Racing, right? So yeah. Not in Frisco
Chris Detzel: or McKinney or something like that
Ray Nichols: back then. Yeah, exactly. So I was like and it's too hard for me to go down to Dallas on a weekday and then have to come back up for work and it's just near impossible, so I was like we need something up here.
North, north and then north. So with Melanie, we started training, we started going to track on Tuesday and slowly we started growing, like Alex Barientos joined us, and then Maddie joined us. And then we had a solid training group up here that we started, and we would run Tuesdays track.
Thursday tempos and then our long runs and usually our long runs we would go down to the lake with White Rock. Yeah. And then we were, we're doing a training session one day and I was like we need to come up with a club name. Like we need to do something. Like we've been running together for a year now.
Like we just meet up and everybody has a name. We don't have a team name. We need [00:33:00] something. And so we're mul, we're mulling things over. Maddy said, and I, what I heard was Race track club and like RACE, that, that's what I understood. I was like, okay, race track club that works. And everybody's yeah, that, that works.

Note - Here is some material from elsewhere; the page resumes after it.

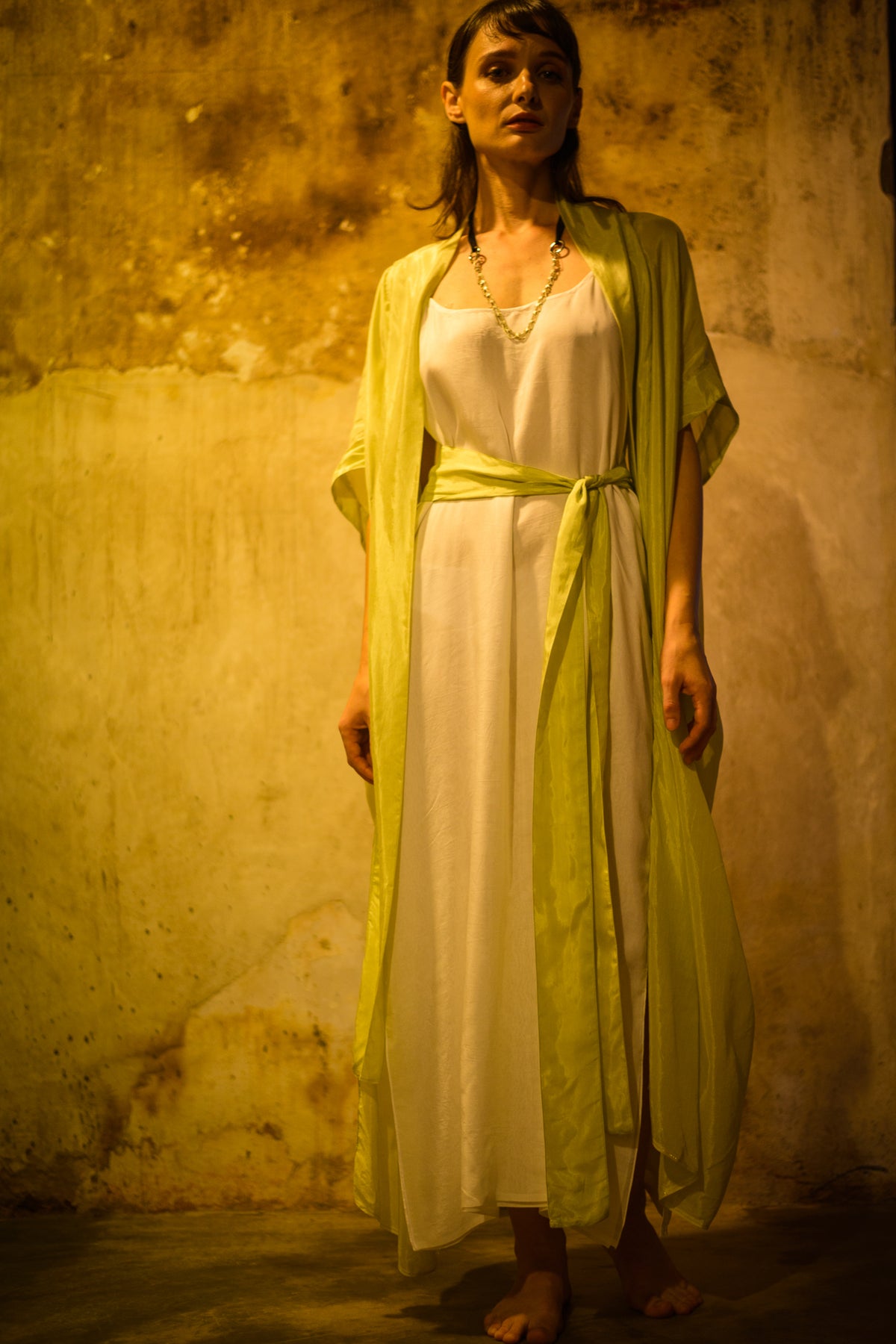 Kaftan jacket with belt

That works. And so later on I was like, okay. In the chat I was like, all so race track club? And Maddy's no, you idiot, it's RAY. And I'm like, you want to call it Ray's track club? And they're like. They're like, yeah. I was like, at the time I was like, I don't know. I know it's not mine.

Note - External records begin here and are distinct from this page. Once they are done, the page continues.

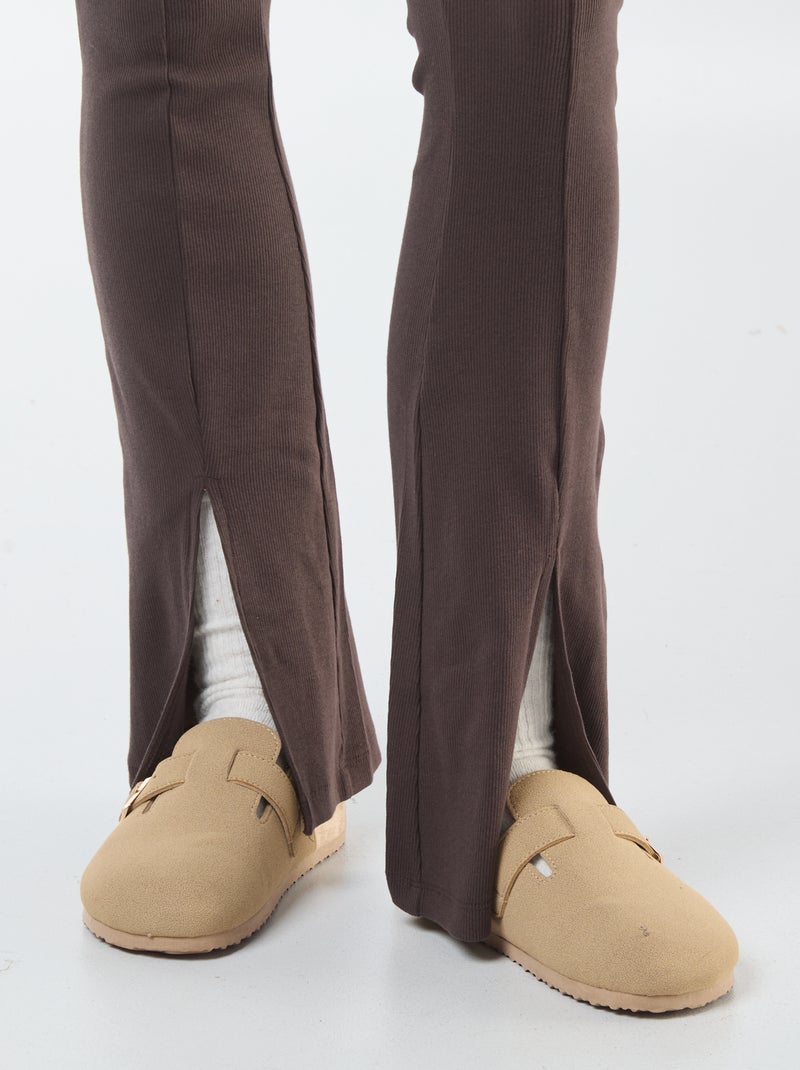 Legging flare en rib Marron - Kiabi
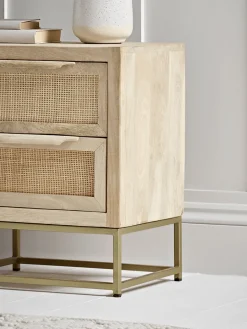 Cox & Cox Bedside Tables|Bedside Tables<Flat Rattan Webbing Bedside Table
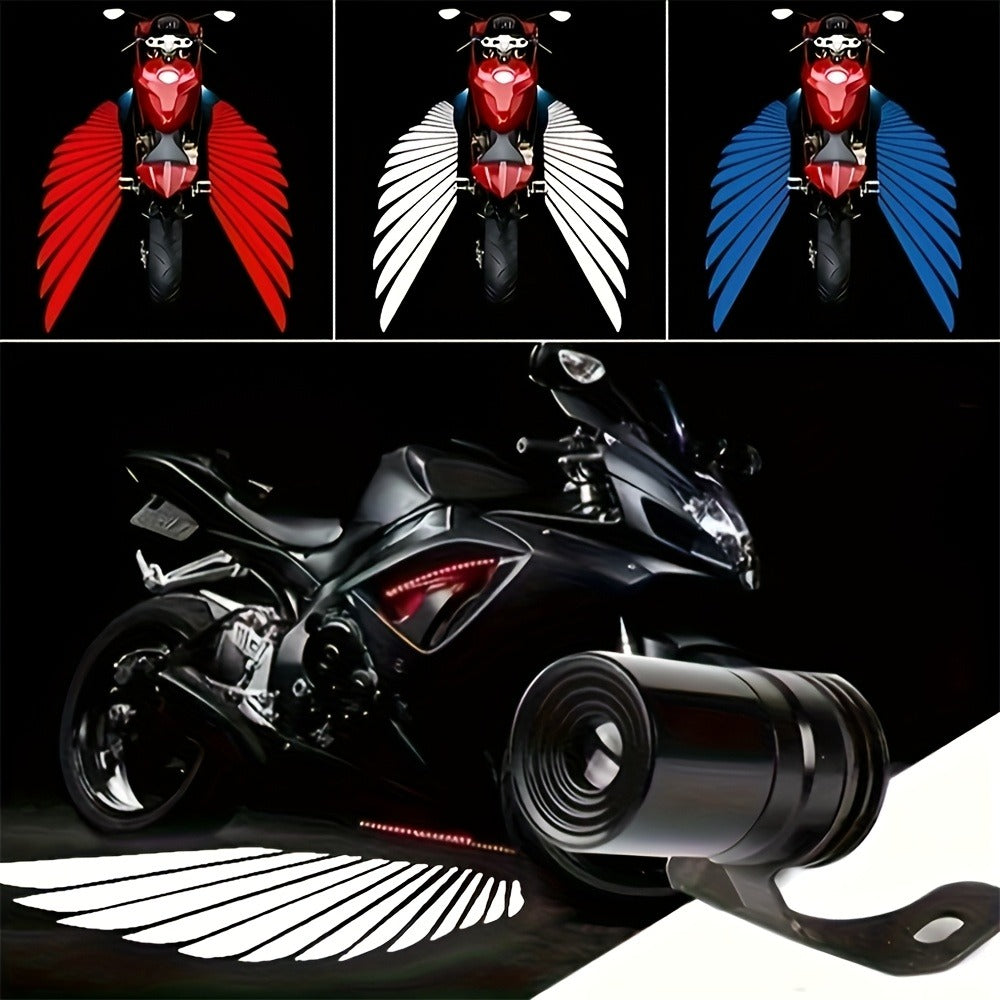 LED Angel Wing Motorcycle Projection Light Ground Shadow Decorative Atmosphere Light for Motorcycles Scooters Night Riding Visibility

Yeah. I don't know. Like we all run together, like why use my name? Yeah. And then Maddie was like you come up with all the track workouts, you do all the routes and meetups and all that stuff. It should be Racetrack club. And then that was the start of it.
Chris Detzel: Okay. I love it.
That's awesome. You kinda felt somewhat honored that they would just wanna call it by your name.

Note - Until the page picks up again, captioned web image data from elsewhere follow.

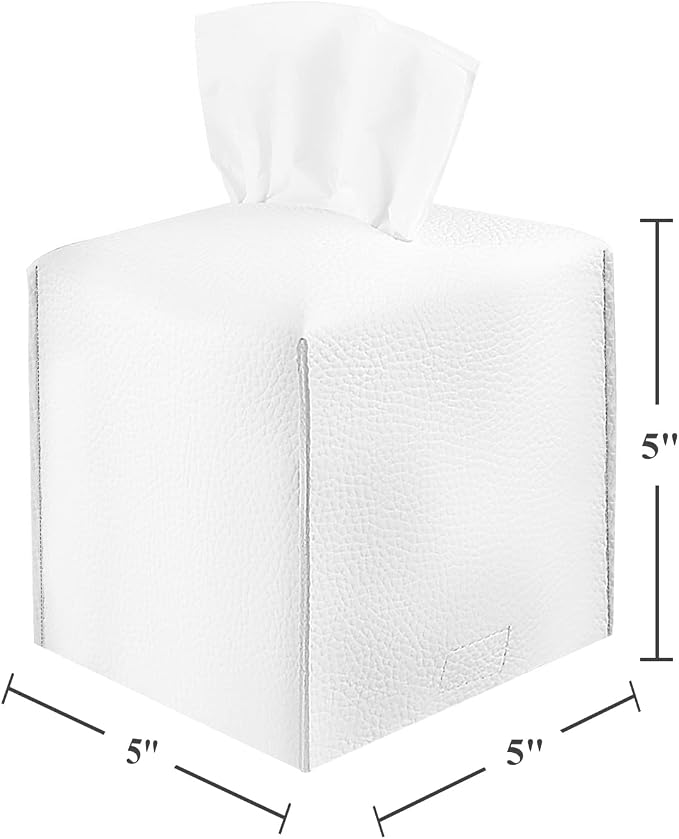 2 Pack, VIVIDLY Tissue Box Cover Holder, Square Modern PU Leather Tissue Box - Image 2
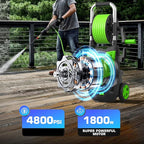 Professional Pressure Cleaner 4800PSI, 4.0GPM Portable Power Cleaner with 4 QC Nozzles and Soap Bottle, Cleaner Machine for Cars/Home/Driveways/Patios/Decks/Fences, Green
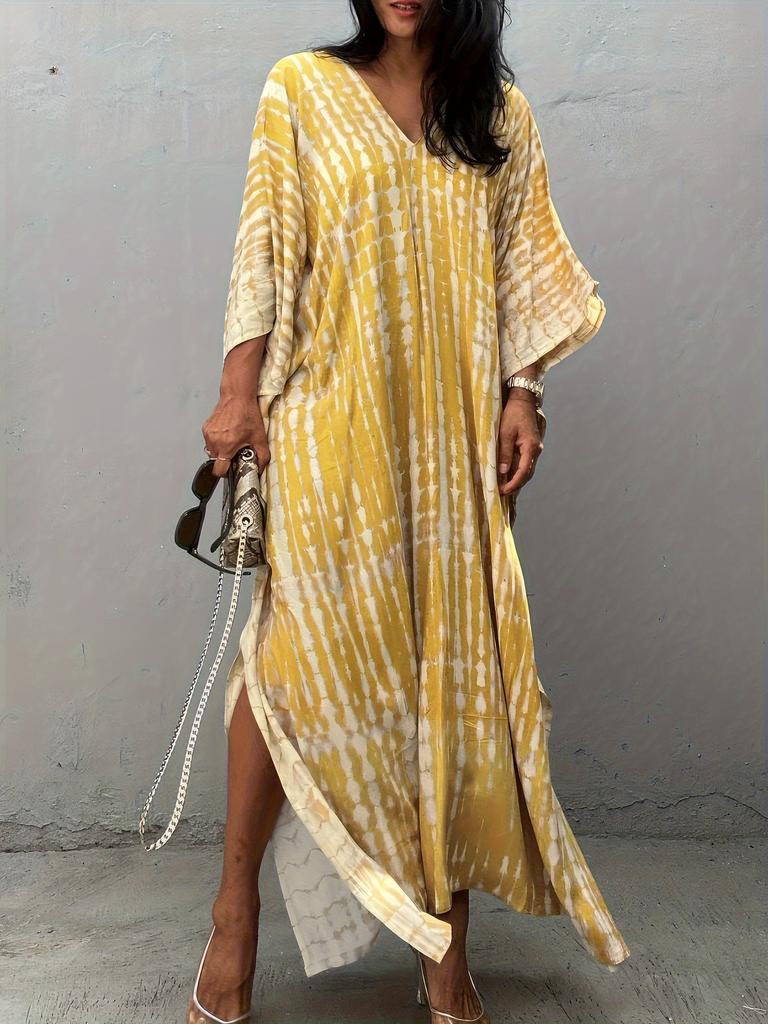 Women's Boho Style Cover Up, Plus Size Tie Dye V Neck Loose Fit Vacay Beach Kaftan Dress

Ray Nichols: Lot of respect. RTC was born that day on you morning. You still have,
Chris Detzel: is it
Ray Nichols: still around? Yeah. We're still around. We still train. We so some of, [00:34:00] so there was a wall that passed in Plano and Carrollton where all the tracks used to be open to the public, and now they put all the fences around.
So we're homeless right now in regards to meeting up at the track. But yeah, but we still meet up, we still meet up for runs and long runs up here, that's pretty awesome.
Chris Detzel: They have what is it lake Highlands High School is right now still open. Yeah. It's a Richardson ISD. But yeah, all the Dallas ones, there's maybe one or two that are open, but they're starting to close a lot.
A lot of those not open to the public. A public school. Yeah. Not open to the public. But anyways, yeah, it's a little frustrating.
Ray Nichols: But yeah we're still looking for a track that we can call home, but RTC right now, I don't, do you know David Rucker? Or heard his name. He's the one that's running everything right now.
Okay. He is running all the socials, he's running all the group runs. So he's pretty, he gets paid pretty well doing it. Yeah. So he's in charge of all the merch and things like that. So he is the C-E-O-F-O and all whatever [00:35:00] else, social
Chris Detzel: media expert.
Ray Nichols: Yeah. He'll come up to me and he'll be like, Hey, can we do A-L-G-B-T-Q thing or autism awareness?
I was like, hell yeah. Let's go. Let's do that. Do it.
Chris Detzel: That's pretty cool. How many people
Ray Nichols: do
Chris Detzel: you
Ray Nichols: guys have in your group? I think about 60. 60 and I think 12 consistently come up. And so people pop in and out? Yeah. It's pretty awesome that, so we try to do events. Yeah. We try to do like a Christmas run, Thanksgiving run, things like that.
Chris Detzel: Yeah. I heard that some of the sloths branched off of your group into their own group, 'cause they wanted to try to run like two thirties stuff, or some of 'em anyways,
Ray Nichols: it's impressive what they're doing.
Chris Detzel: Yeah.
Ray Nichols: Super impressive. Yeah. Yeah, we all started together,
Chris Detzel: Yeah.
Yeah, I think it is impressive. It's, I was gonna say this earlier, and we just kept going onto something else, under a three hour look. I think three tens, three fifteens, three twenties, those are all really good times for a marathon. Even, maybe even highers, they're really good.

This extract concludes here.